As pointed out by *BLK69JUDGE*, there are many options. Original was points. These work just fine if you know how to work with them and adjust them. Check your local auto parts store as many carry rebuilt Cardone distributors which are inexpensive and may be what you want to get the engine running - if they can get one.

Electronic type distributors are your next choice, but a few things you need to know as pointed out. The "big cap" HEI types can cause interference problems if in the future you install a tri-power set-up, they will hit. So you want a "small cap" just like a points distributor. Most, but not all, electronic distributors need a 12 Volt power source to run correctly. The factory points, like your car, uses a resistor wire so as not to burn up the points. This has to be addressed in one form or another - again a search of the forum will provide some insight and options.
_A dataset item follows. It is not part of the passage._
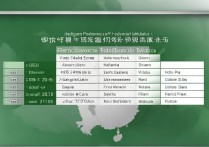 河北经贸大学各省录取分是多少，多少分能考上？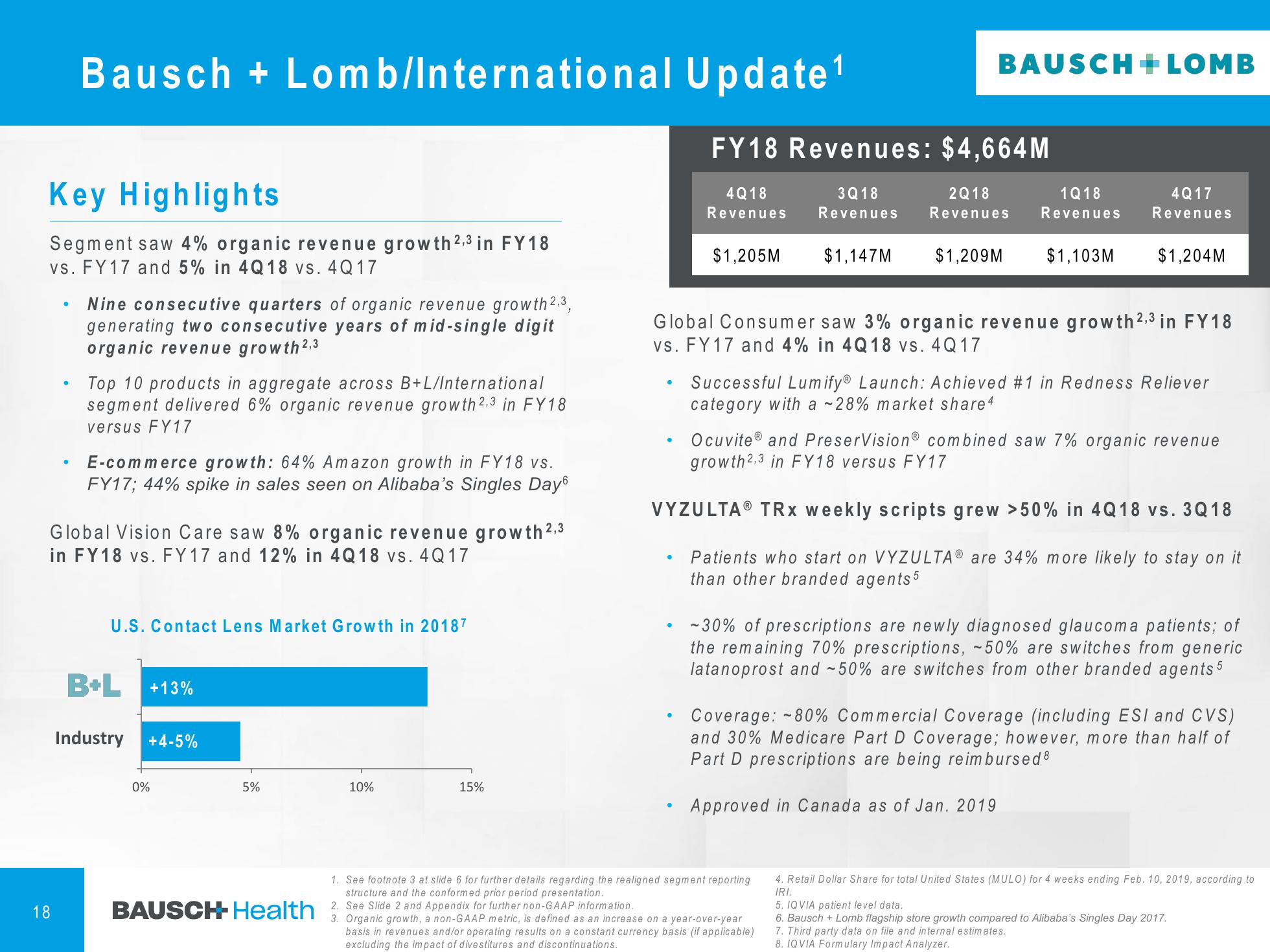 4Q & FY 2018 Financial Results slide image #19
Some distributors use the coil in cap, while others use a stand alone coil like points do. You want to match coil to distributor selection/brand.
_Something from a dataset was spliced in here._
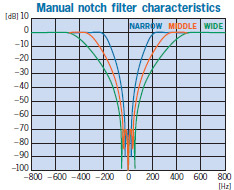 Manual notch filter characteristics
Summit and Rock Auto are good resources and Summit offers free shipping over $100.00 and it does not take much to hit $100.00.

So you have options. Just do the research and ask questions.


----------



## JCGTO (May 30, 2021)

Scott & Pontiac Jim - thank you both for your knowledge and recommendations. Much appreciated. Have A Great Memorial Day!


----------



## JCGTO (May 30, 2021)

Re: GTO Distributor (4 barrel) 

I found a rebuilt Cardone ($85.00) points distributor and a rebuilt HEI distributor ($139.00 *larger cap). Although the distributor was missing there was an * large cap with an ACCEL HEI SUPER COIL under the hood when I purchased it. Q, is the wiring the same for both rebuilt original point distributors vs rebuilt HEI distributors? If so, should I stick with HEI? 

I know you guys went into detail but wanted to check in one more time. 

Thank you, 

JC


----------